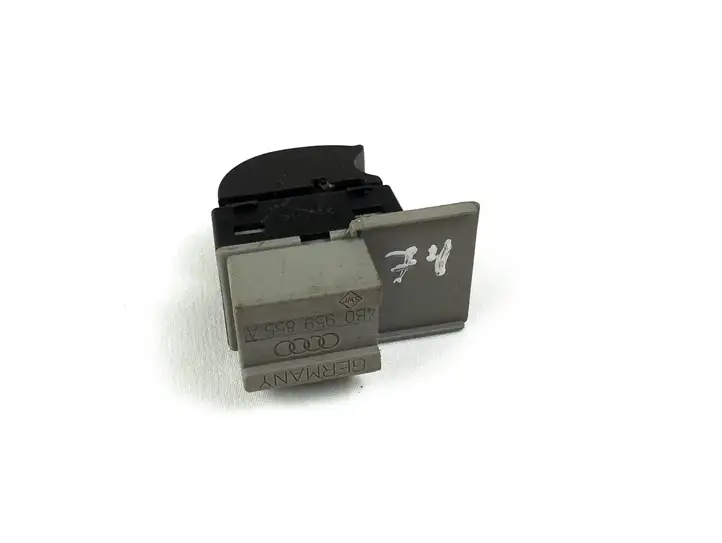 Audi A6 S6 C5 4B (2001 - 2004) 4b0959855a Кнопка стеклоподъемников — фото 3
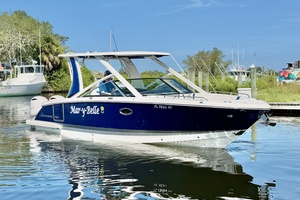 28ft Chaparral Yacht For Sale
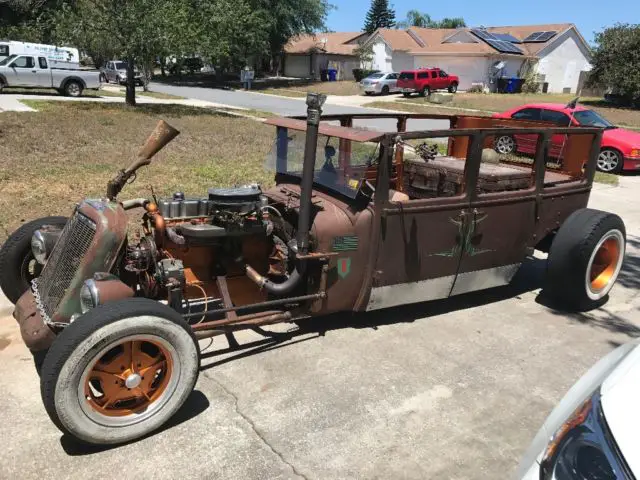 1928 dodge ratrot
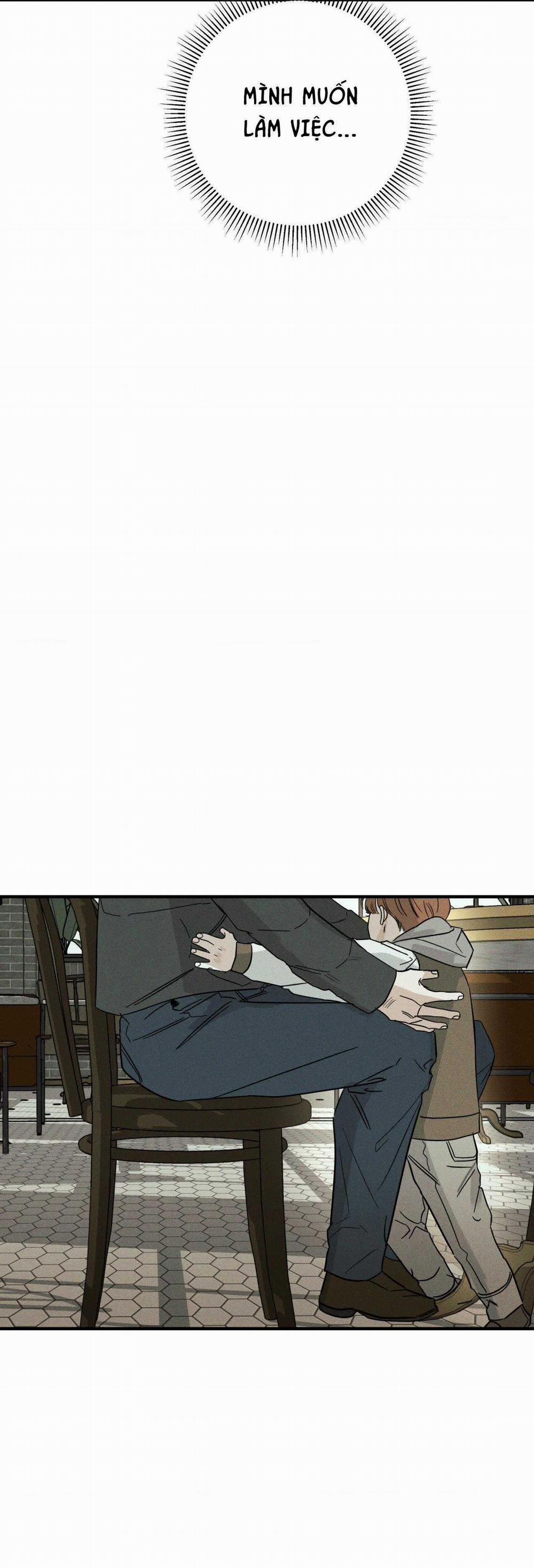 Ôi, Kẻ Thù Không Đội Trời Chung 33 trang 18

Work to be completed> None of the pictures belong in the copy. Write out exactly the lines from the line that holds "28ft Chaparral Yacht For Sale" through the last line of the listing above, both ends included.

Reply>
 28ft Chaparral Yacht For Sale
 1928 dodge ratrot
 Ôi, Kẻ Thù Không Đội Trời Chung 33 trang 18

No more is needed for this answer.